• _Task requirements_:
Type the entries out again exactly as they read, but leave every picture behind.

• _Provided entries_:
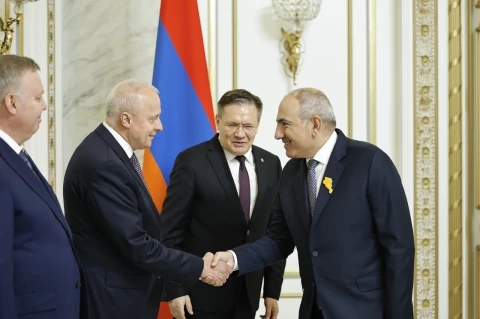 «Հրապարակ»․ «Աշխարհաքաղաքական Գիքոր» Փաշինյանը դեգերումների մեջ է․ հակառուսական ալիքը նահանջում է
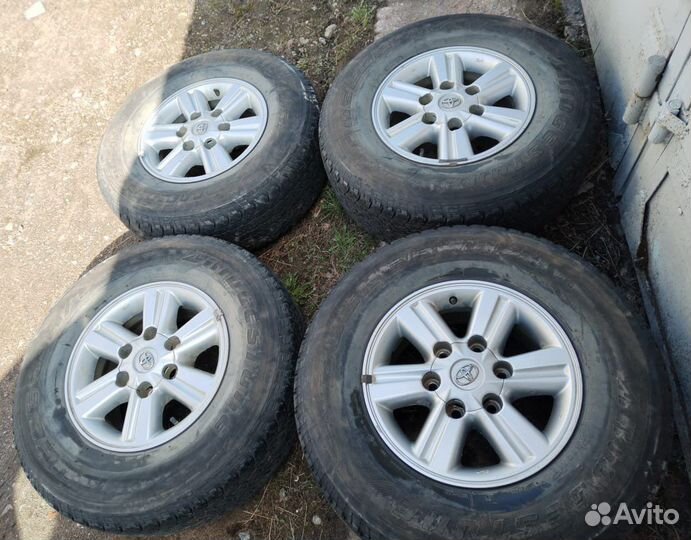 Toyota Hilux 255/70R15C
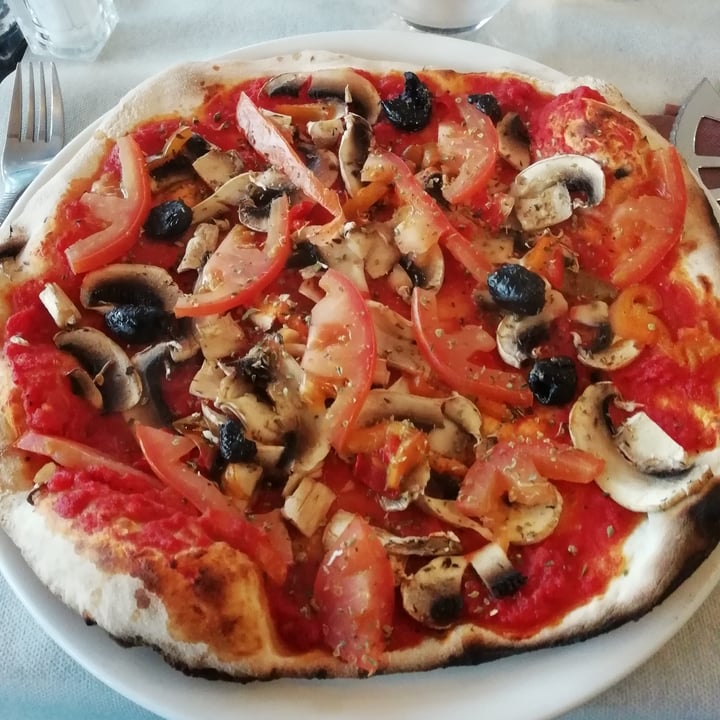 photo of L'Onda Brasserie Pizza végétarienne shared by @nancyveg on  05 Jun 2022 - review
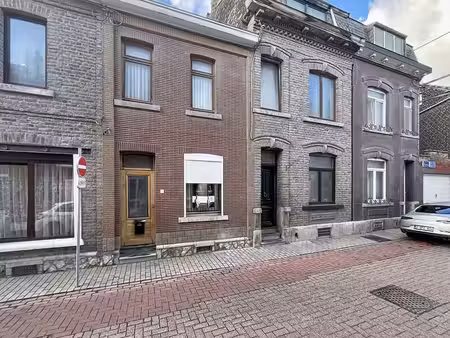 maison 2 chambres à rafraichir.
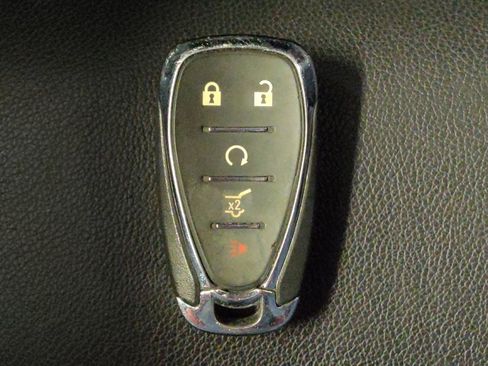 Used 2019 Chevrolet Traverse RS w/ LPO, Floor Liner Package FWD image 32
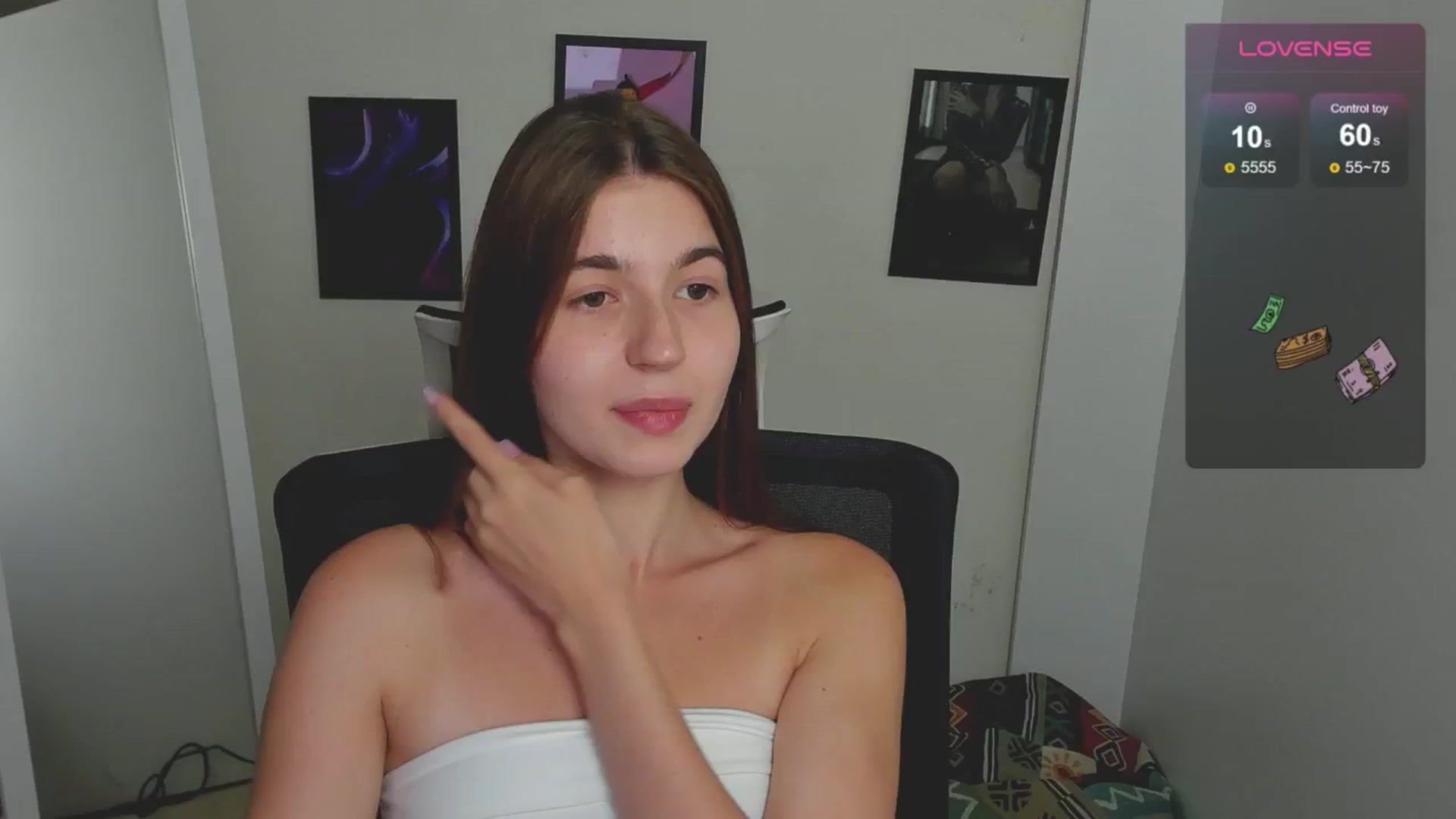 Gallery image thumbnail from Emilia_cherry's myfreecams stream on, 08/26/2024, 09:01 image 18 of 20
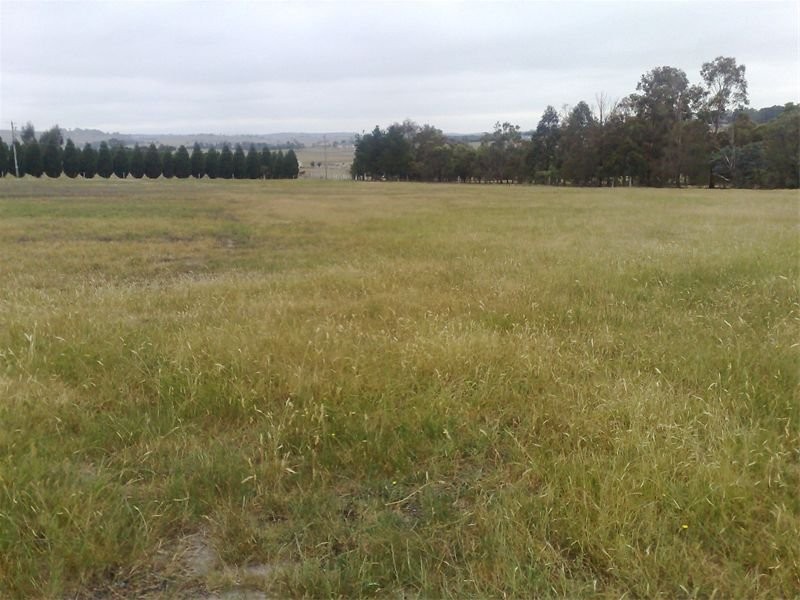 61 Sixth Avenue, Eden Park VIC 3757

• _Answer box_:
 «Հրապարակ»․ «Աշխարհաքաղաքական Գիքոր» Փաշինյանը դեգերումների մեջ է․ հակառուսական ալիքը նահանջում է
 Toyota Hilux 255/70R15C
 photo of L'Onda Brasserie Pizza végétarienne shared by @nancyveg on  05 Jun 2022 - review
 maison 2 chambres à rafraichir.
 Used 2019 Chevrolet Traverse RS w/ LPO, Floor Liner Package FWD image 32
 Gallery image thumbnail from Emilia_cherry's myfreecams stream on, 08/26/2024, 09:01 image 18 of 20
 61 Sixth Avenue, Eden Park VIC 3757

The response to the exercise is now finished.